Деяния человека здесь, на земле, имеют бесконечное значение для него, они никогда не умирают и не исчезают. Человек в своей короткой жизни то поднимается вверх до самых небес, то опускается вниз в самый ад и в своих шестидесяти годах жизни держит страшным и удивительным образом сокрытую вечность, – все это как бы огненными буквами выжжено в душе дикого араба. Все это начертано там как бы пламенем и молнией – страшное, невыразимое, вечно предстоящее перед ним. С бурной страстностью, дикой непреклонной искренностью, полуотчеканивая свои мысли, не будучи в состоянии отчеканить их вполне, он пытается высказать, воплотить их в этом небе, этом аде. Воплощенные в любой форме, они говорят нам о главнейшей из всех истин. Они заслуживают уважения под всевозможными оболочками. Что составляет главную цель человека здесь, на земле? Ответ Магомета на этот вопрос может пристыдить многих из нас! Он не берет, подобно Бентаму
, справедливое и несправедливое, не высчитывает барышей и потерь, наибольшего удовольствия, доставляемого тем или другим, и, приведя все это путем сложения и вычитания к окончательному результату, не спрашивает вас: не перевешивает ли значительно в общем итоге справедливое?

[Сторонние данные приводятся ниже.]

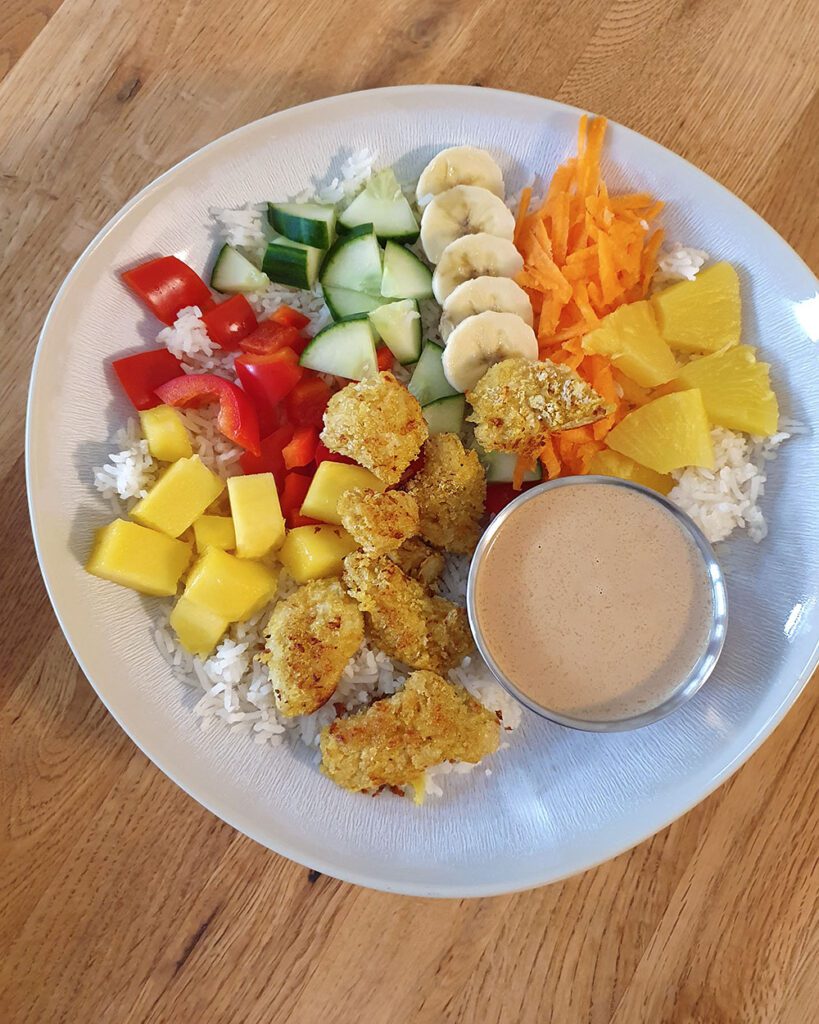 Sommerliche Bowl mit paniertem Hähnchen und Erdnuss-Sauce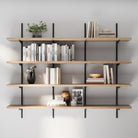 4 tiered adjustable shelving unit with books, plants, and decorative items against a gray wall.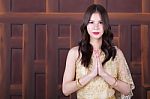 Thai Women Welcome With Traditional Thai Suit Stock Photo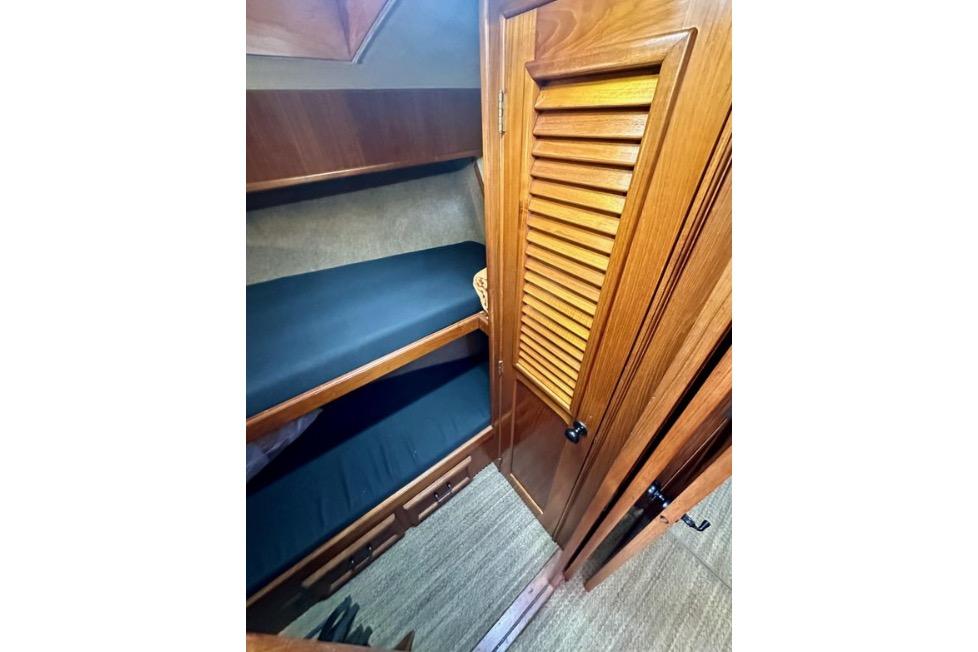 Interior of 1985 Egg Harbor 33 Sedan with wooden bunk beds and closet.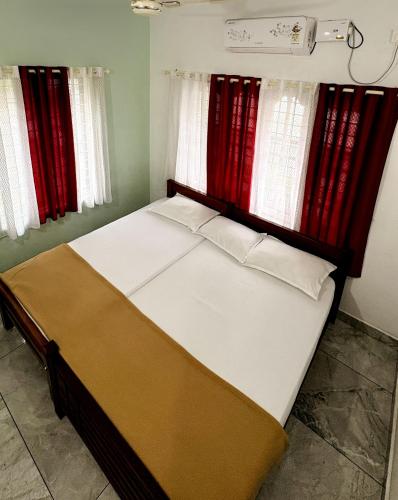 a bed in a room with red curtains at Olive Homestay in Cochin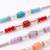 set of 4 multicolor artificial beads thread rakhi with roli chawal chandan mishri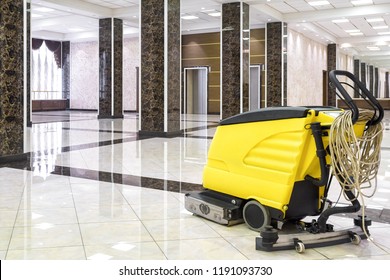Cleaning machine in empty office lobby, yellow vacuum equipment is on clean shiny marble floor in commercial building. Concept of professional cleaning, maintenance and care service.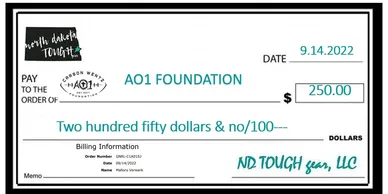 A large cheque that is in front of a picture.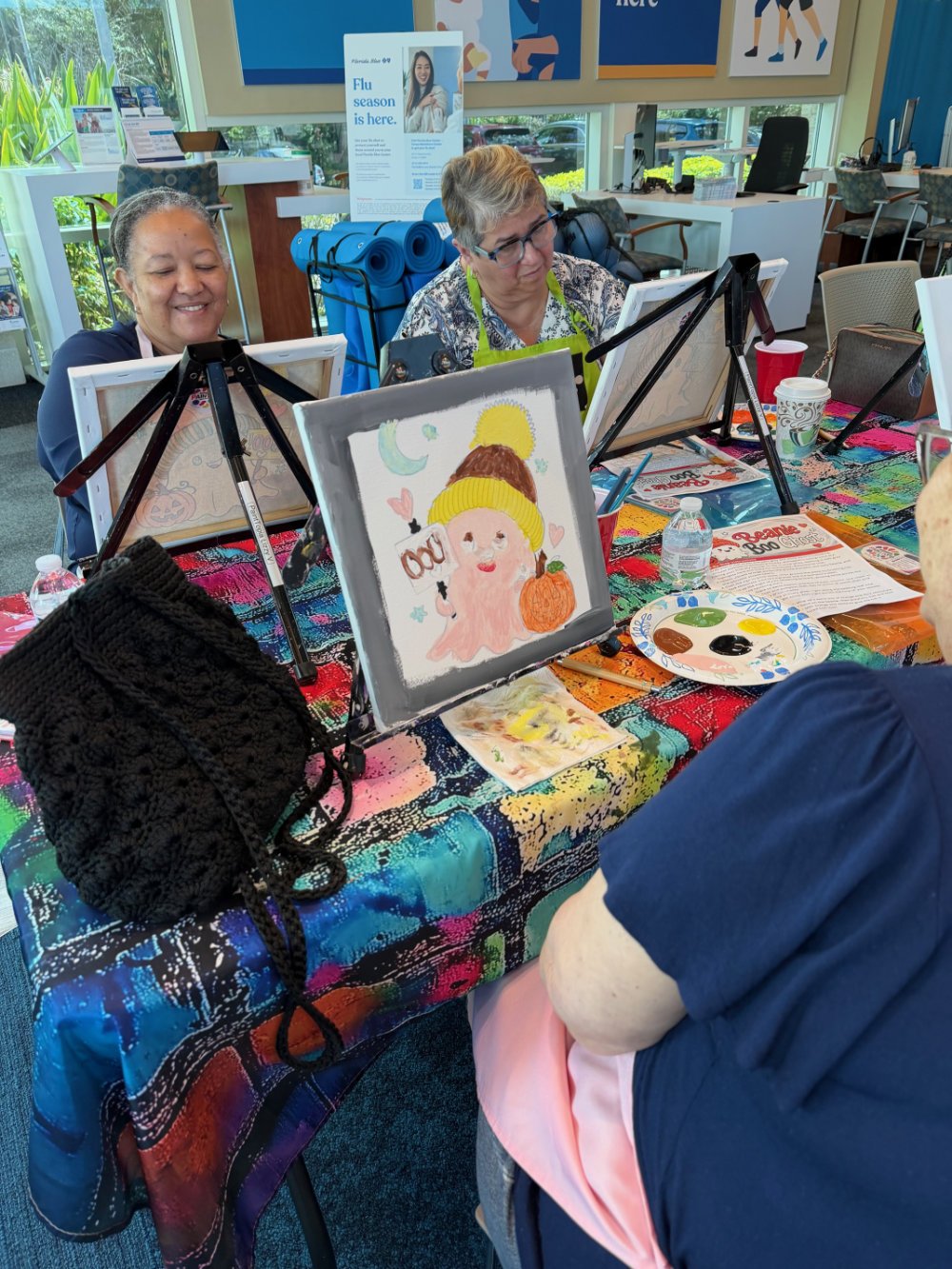 Two women sitting at a decorated table, painting pictures on small canvases set on easels. One woman is smiling, and the other is focused on her painting. The table has art supplies, water bottles, cups, and a colorful tablecloth. There's a small fra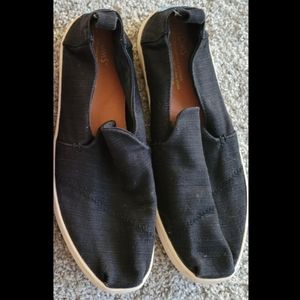 Toms black canvas slip ons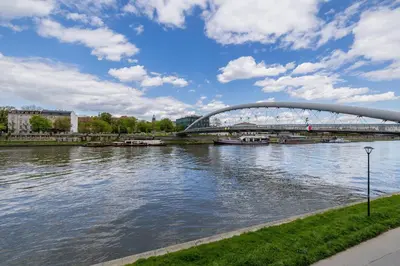 a bridge over a river next to a body of water at 1-Bedroom Apartment - Brodzińskiego 3 - Podgórze in Kraków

Нет, дело вовсе не в том, что лучше делать одно, чем делать другое. Одно по отношению к другому все равно что жизнь по отношению к смерти, небо по отношению к аду. Одно никоим образом не следует делать, другое никоим образом не следует оставлять несделанным. Вы не должны измерять правды и неправды: они несоизмеримы. Одно – вечная жизнь для человека; другое – вечная смерть. Бентамовская польза, добродетель сообразно выгоде и потере
низводит этот Божий мир к мертвенной, бесчувственной паровой машине, необъятную небесную душу человека – своего рода к весам для взвешивания сена и чертополоха, удовольствий и страданий. Если вы спросите меня, кто из них, Магомет или указанные философы, проповедуют более жалкий и более лживый взгляд на человека и его назначение в этом мире, то я отвечу: во всяком случае, не Магомет!..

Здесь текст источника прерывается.